House Bill 3859, which passed the state Senate on Monday, would protect religious-based child-welfare providers that choose to turn away same-sex couples or families with certain religious views. The bill also would protect foster parents or group homes that decline for religious reasons to provide certain services to the children in their care — such as emergency contraceptives or abortions or, some worry, vaccinations.
The issue has become a flash point between proponents — who argue that such religious protections give agencies the ability to help an overburdened state welfare system while sticking to their bedrock principles — and those who worry that the bill’s broad language could create an environment of discrimination that will harm children.

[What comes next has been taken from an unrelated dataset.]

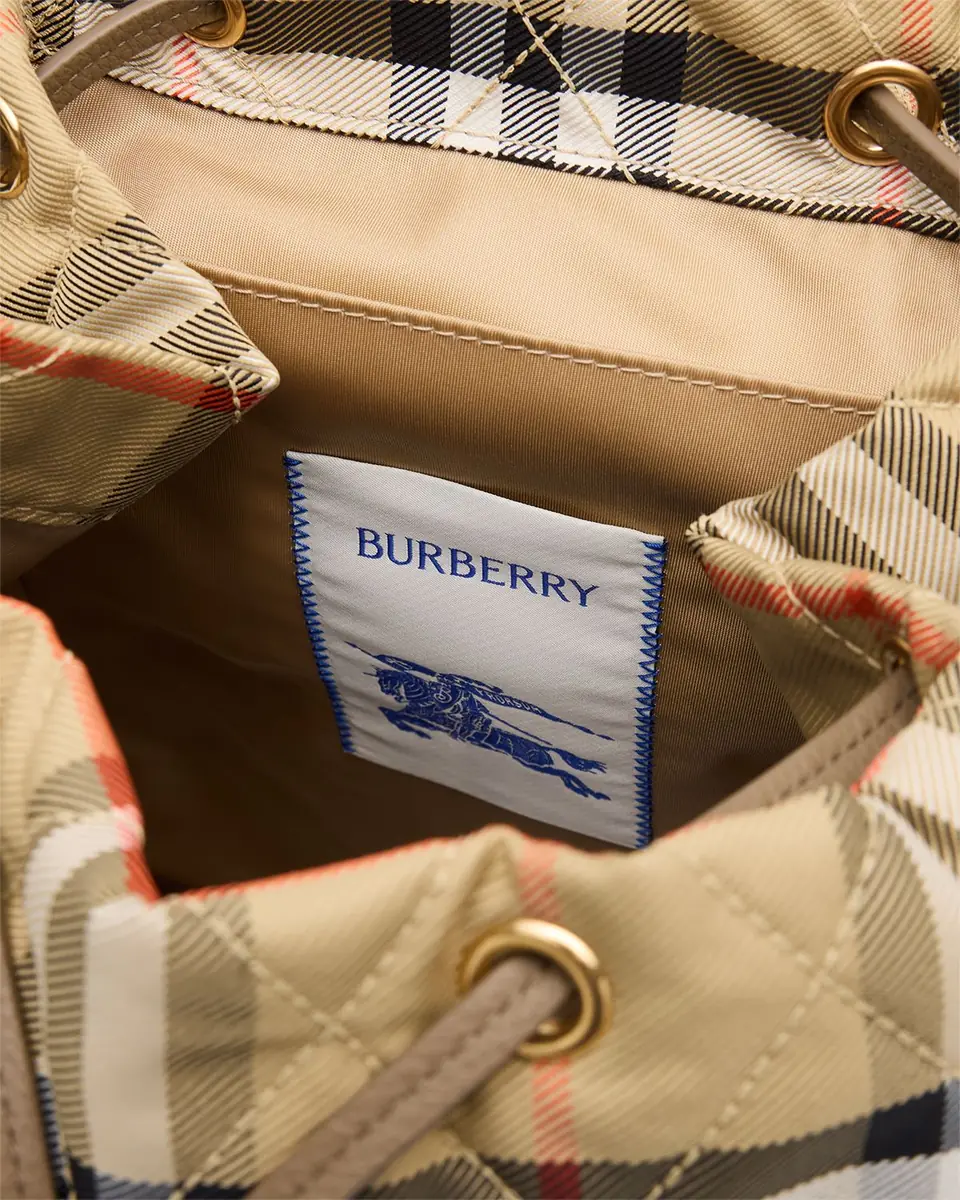 Burberry Horseshoe Quilted Check Nylon Backpack | Thumbnail 3 Burberry Horseshoe Quilted Check Nylon Backpack | Thumbnail 3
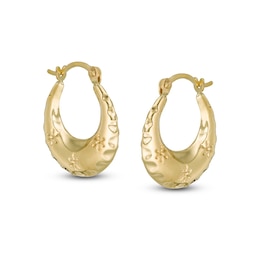 9ct Yellow Gold Flower Hoop Earrings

“We think the primary purpose of this is to permit lesbian, gay and transgender parents to be turned away, but there’s nothing in the bill that prevents agencies from turning away, for example, people who have been divorced, people who are single, or people who don’t go to church enough,” said Rebecca Robertson, legal and policy director for the Texas chapter of the American Civil Liberties Union. “At every point where a decision about a kid’s care is being made, you could have the rights of the child-welfare provider take precedent over the best interest of the child.”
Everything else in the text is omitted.